Particle size distribution

The X-band LRR, which is suitable for aircraft or space-based platforms, enables markedly improved measurement of precipitation drop size and distribution (at 10.7 GHz), as well as rain rate and surface wind speeds, when used in conjunction with other instruments, such as the PR-2. With a receiver less than 1/8th the size and using 50% less power than predecessors, the LRR could lead to a space-borne 25 channel synthetic aperture radiometer that would not be strictly limited by size and power requirements.

The core technology of the LRR – a synthetically thinned aperture radiometer (STAR) – demonstrated the feasibility of a one-dimensional geometric interferometer (no moving parts) for future NASA X-band missions. The lack of a mechanical scanning apparatus found on traditional radiometers makes the LRR payload smaller, lighter, and cheaper to launch while also reducing the complexity and risk of the instrument. The team also conducted an antenna design study that validated the STAR technology in the critical Ku- and Ka-bands.

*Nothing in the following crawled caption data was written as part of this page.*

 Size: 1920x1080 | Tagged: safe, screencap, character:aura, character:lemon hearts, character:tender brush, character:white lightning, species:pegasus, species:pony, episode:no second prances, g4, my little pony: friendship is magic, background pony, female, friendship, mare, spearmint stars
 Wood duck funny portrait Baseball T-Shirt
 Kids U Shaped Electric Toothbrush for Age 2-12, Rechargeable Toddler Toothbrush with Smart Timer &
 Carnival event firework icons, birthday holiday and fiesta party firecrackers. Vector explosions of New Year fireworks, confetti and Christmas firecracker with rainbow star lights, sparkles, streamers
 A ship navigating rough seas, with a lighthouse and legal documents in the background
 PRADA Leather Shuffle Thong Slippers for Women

The FSSP is of that general class of instruments called optical particle counters (OPCs) that detect single particles and size them by measuring the intensity of light that the particle scatters when passing through a light beam. A Helium Neon laser beam is focused to a diameter of 0.2 mm at the center of an inlet that faces into the oncoming airstream. This laser beam is blocked on the opposite side of the inlet with an optical stop, a "dump spot" to prevent the beam from entering the collection optics. Particles that encounter this beam scatter light in all directions and some of that scattered in the forward direction is directed by a right angle prism though a condensing lens and onto a beam splitter. The "dump spot" on the prism and aperture of the condensing lens define a collection angle from about 4º - 12º.

The beam splitter divides the scattered light into two components, each of which impinge on a photodetector. One of these detectors, however, is optically masked to receive only scattered light when the particles pass through the laser beam displaced greater than approximately 1.5 mm either side of the center of focus. Particles that fall in that region are rejected when the signal from the masked detector exceeds that from the unmasked detector. This defines the sample volume needed to calculate particle concentrations.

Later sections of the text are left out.